-------- Information provided
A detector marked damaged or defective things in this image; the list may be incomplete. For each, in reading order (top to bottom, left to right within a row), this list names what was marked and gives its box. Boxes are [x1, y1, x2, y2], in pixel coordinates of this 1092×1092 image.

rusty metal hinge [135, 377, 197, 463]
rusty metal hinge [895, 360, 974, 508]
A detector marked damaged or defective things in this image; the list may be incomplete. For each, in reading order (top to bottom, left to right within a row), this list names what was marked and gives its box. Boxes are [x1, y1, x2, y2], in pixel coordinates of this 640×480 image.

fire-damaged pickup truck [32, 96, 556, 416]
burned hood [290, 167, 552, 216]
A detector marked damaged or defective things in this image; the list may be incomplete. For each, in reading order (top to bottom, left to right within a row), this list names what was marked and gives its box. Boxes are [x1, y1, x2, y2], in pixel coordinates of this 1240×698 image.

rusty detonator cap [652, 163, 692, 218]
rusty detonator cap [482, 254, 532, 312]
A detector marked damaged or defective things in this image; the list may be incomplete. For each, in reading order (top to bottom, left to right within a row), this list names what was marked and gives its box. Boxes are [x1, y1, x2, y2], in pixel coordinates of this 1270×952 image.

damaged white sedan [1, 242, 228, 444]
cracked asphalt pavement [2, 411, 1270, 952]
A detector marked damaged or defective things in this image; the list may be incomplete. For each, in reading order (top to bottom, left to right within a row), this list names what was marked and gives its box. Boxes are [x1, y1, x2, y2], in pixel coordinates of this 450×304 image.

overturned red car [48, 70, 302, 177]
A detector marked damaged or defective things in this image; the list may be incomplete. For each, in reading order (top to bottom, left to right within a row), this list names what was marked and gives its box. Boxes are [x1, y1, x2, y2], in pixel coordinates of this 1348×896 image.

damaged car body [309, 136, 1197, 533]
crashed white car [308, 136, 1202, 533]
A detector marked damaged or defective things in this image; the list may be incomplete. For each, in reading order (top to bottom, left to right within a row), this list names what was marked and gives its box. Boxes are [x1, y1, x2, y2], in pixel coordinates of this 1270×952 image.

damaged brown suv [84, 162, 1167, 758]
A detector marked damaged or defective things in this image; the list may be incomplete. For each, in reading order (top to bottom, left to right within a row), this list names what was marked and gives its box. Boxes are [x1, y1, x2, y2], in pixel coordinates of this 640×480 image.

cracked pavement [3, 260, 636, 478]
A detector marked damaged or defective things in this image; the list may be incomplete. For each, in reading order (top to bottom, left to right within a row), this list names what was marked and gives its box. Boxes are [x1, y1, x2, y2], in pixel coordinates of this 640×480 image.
----------------
### The task
Please transcribe only the portion of the material that starts at the line containing "this 1348×896 image." and runs through its last line, inclusive, exactly as given.

### Task output
A detector marked damaged or defective things in this image; the list may be incomplete. For each, in reading order (top to bottom, left to right within a row), this list names what was marked and gives its box. Boxes are [x1, y1, x2, y2], in pixel coordinates of this 1348×896 image.

damaged car body [309, 136, 1197, 533]
crashed white car [308, 136, 1202, 533]
A detector marked damaged or defective things in this image; the list may be incomplete. For each, in reading order (top to bottom, left to right within a row), this list names what was marked and gives its box. Boxes are [x1, y1, x2, y2], in pixel coordinates of this 1270×952 image.

damaged brown suv [84, 162, 1167, 758]
A detector marked damaged or defective things in this image; the list may be incomplete. For each, in reading order (top to bottom, left to right within a row), this list names what was marked and gives its box. Boxes are [x1, y1, x2, y2], in pixel coordinates of this 640×480 image.

cracked pavement [3, 260, 636, 478]
A detector marked damaged or defective things in this image; the list may be incomplete. For each, in reading order (top to bottom, left to right within a row), this list names what was marked and gives its box. Boxes are [x1, y1, x2, y2], in pixel coordinates of this 640×480 image.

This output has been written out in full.